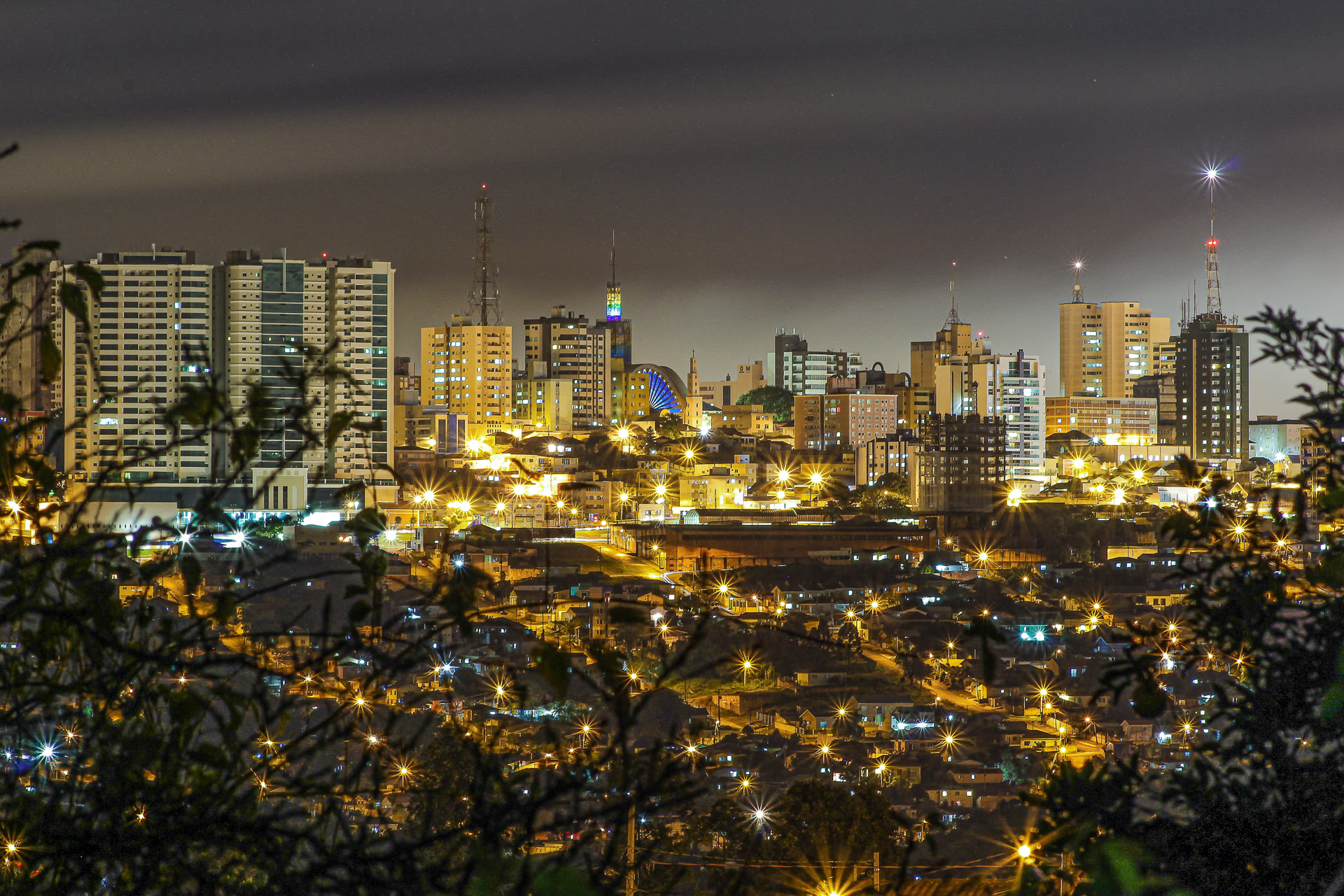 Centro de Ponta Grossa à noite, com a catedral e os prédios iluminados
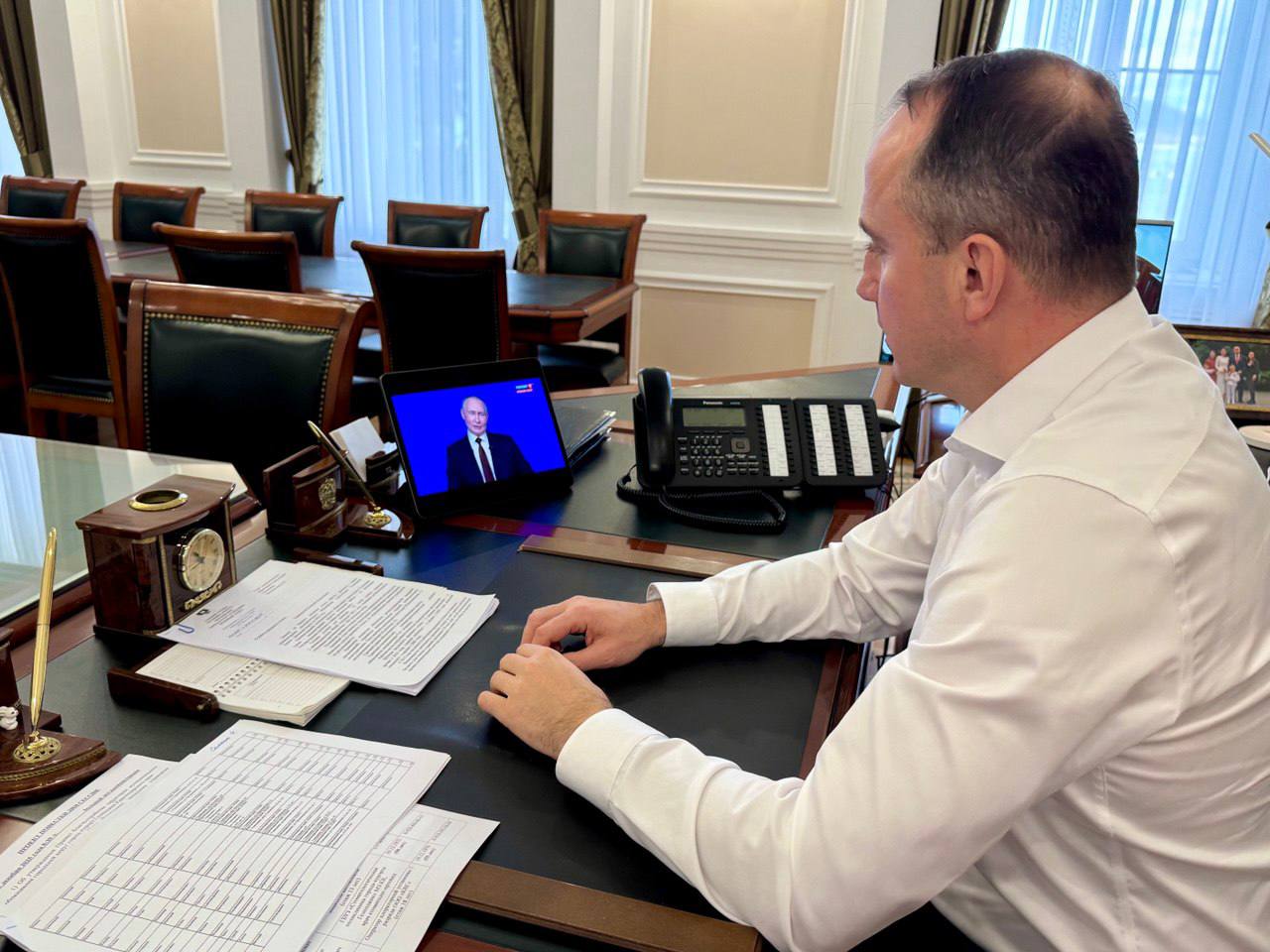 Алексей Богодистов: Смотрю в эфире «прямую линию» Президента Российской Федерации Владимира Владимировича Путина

· · ·

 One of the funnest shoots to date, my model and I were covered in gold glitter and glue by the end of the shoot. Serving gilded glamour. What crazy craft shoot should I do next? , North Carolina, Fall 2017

· · ·

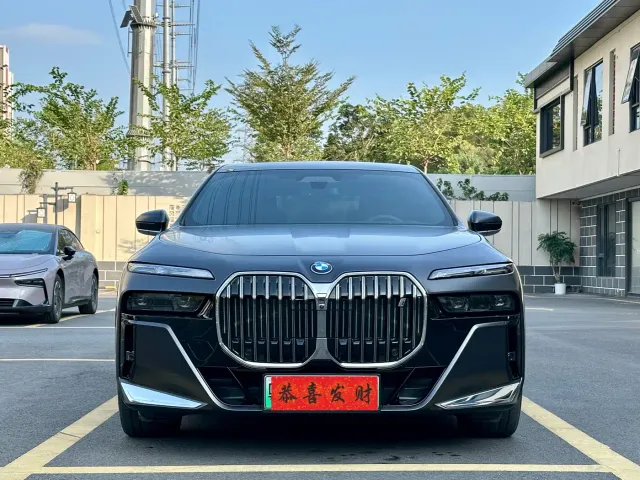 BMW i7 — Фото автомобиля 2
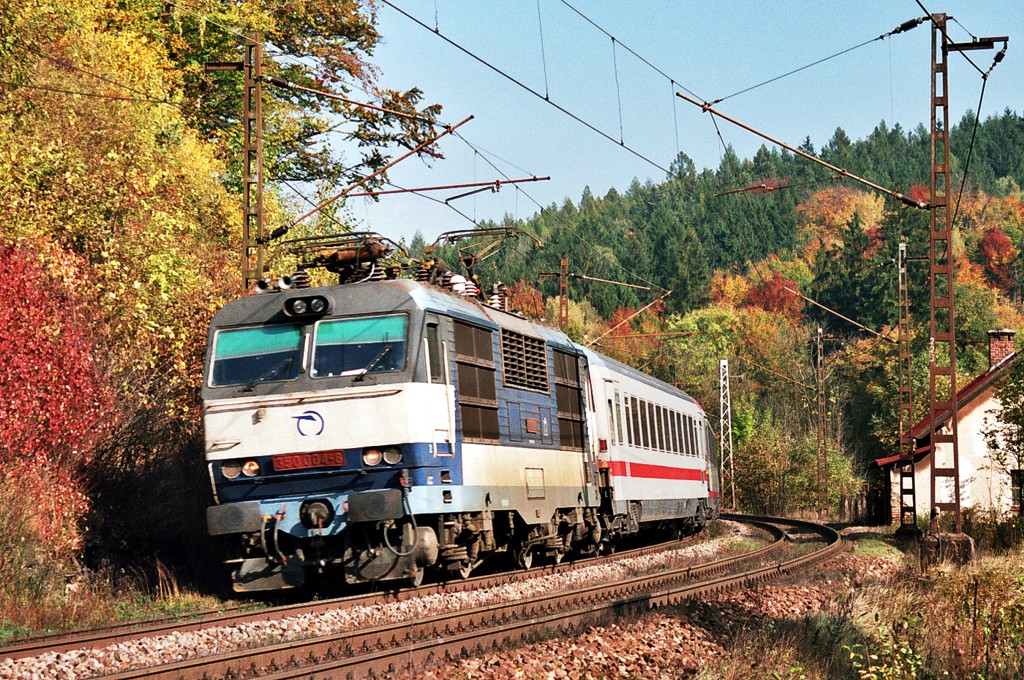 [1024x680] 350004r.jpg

· · ·

## TASK
Range to copy from the listing above: the line with "Centro de Ponta" through the line with "Алексей Богодистов: Смотрю". Transcribe it exactly and skip the pictures.

## SOLUTION FOR THIS TASK
 Centro de Ponta Grossa à noite, com a catedral e os prédios iluminados
 Алексей Богодистов: Смотрю в эфире «прямую линию» Президента Российской Федерации Владимира Владимировича Путина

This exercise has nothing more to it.